4 Experimental Results

It has been observed that the samples failed in a rather brittle way, although they did suffer a slight elongation. This would be in accordance with the manufacturer’s stated 3% elongation ratio. The results shown in Fig. 4 have been obtained on Arbofill (brown) and Arboblend (white) samples.

Fig. 4.
figure 4

Charts describing Arbofill and Arboblend tensile performance

5 Conclusions

From the obtained diagrams, it can be observed that both Arbofill and Arboblend present a good behavior in tension (40.6 MPa), in comparison with traditional wood (average value under 30 MPa). The results indicate that “liquid wood”, from a structural point of view, could be used to rehabilitate existing degraded wooden structures.

As an average of values, breakage occurred at a force of approximately 1.3 kN (40.6 MPa), at a maximum displacement of approx. 4–4.5 mm. Correlated with the fact that the mid – cross section has a dimension of 8 mm × 4 mm, it is suggested that the material has enough strength to be used in conjunction with existing wooden structures.
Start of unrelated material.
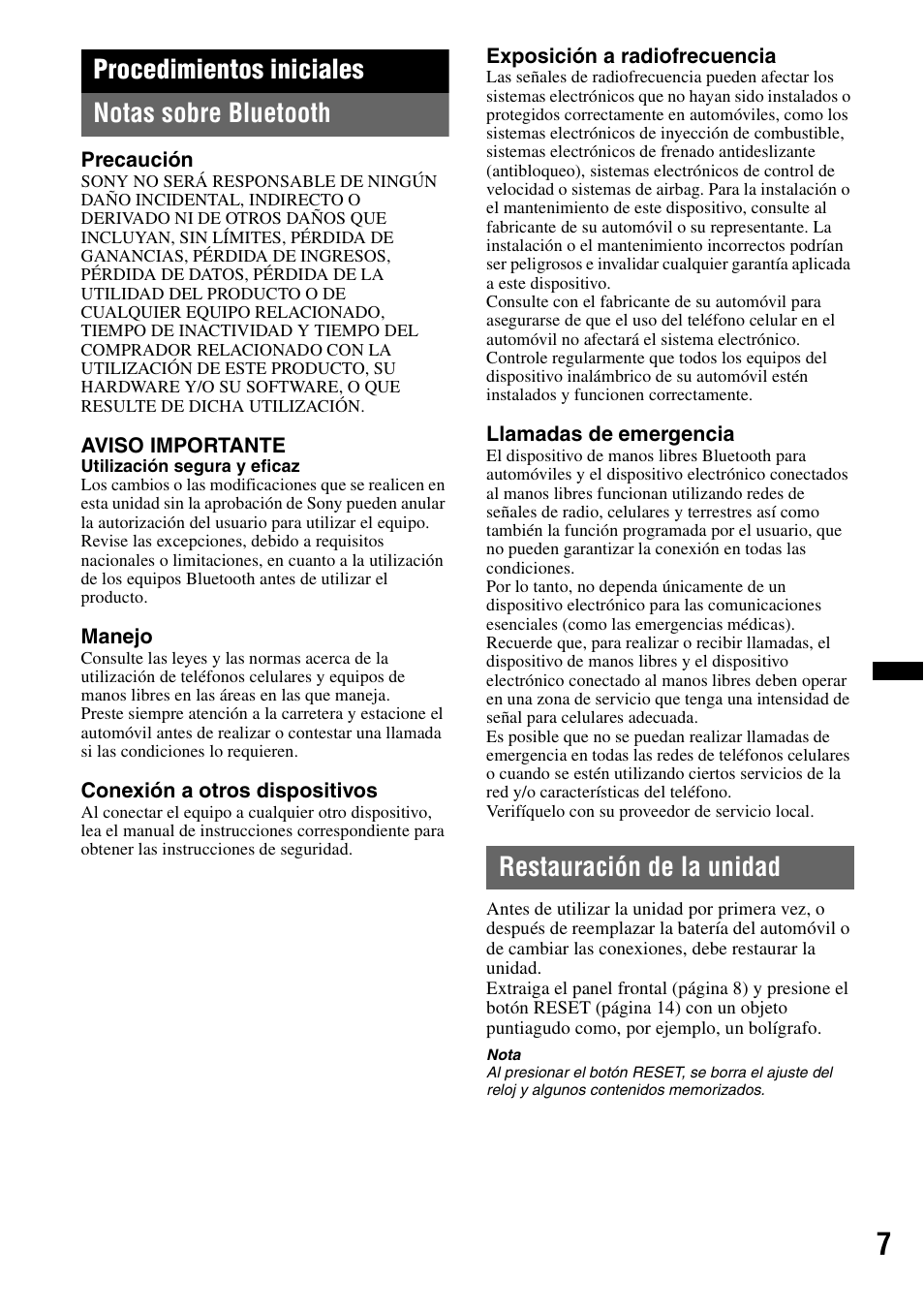 Procedimientos iniciales, Notas sobre bluetooth, Restauración de la unidad | Notas sobre bluetooth restauración de la unidad, Procedimientos iniciales notas sobre bluetooth | Sony DSX-S310BTX User Manual | Page 57 / 108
Finally, the brittle fracturing of the material depends a lot on the intended use of “liquid wood”, so it can be viewed either as an advantage or a disadvantage, depending on its purpose. This effect might also matter less, as it is more likely that the wooden element will be the first to fail. In studying the two recipes, Arbofill has been observed to present a bit more elasticity than Arboblend, but Arboblend has a slightly lower melting point. Overall, both materials are fairly balanced in terms of performance.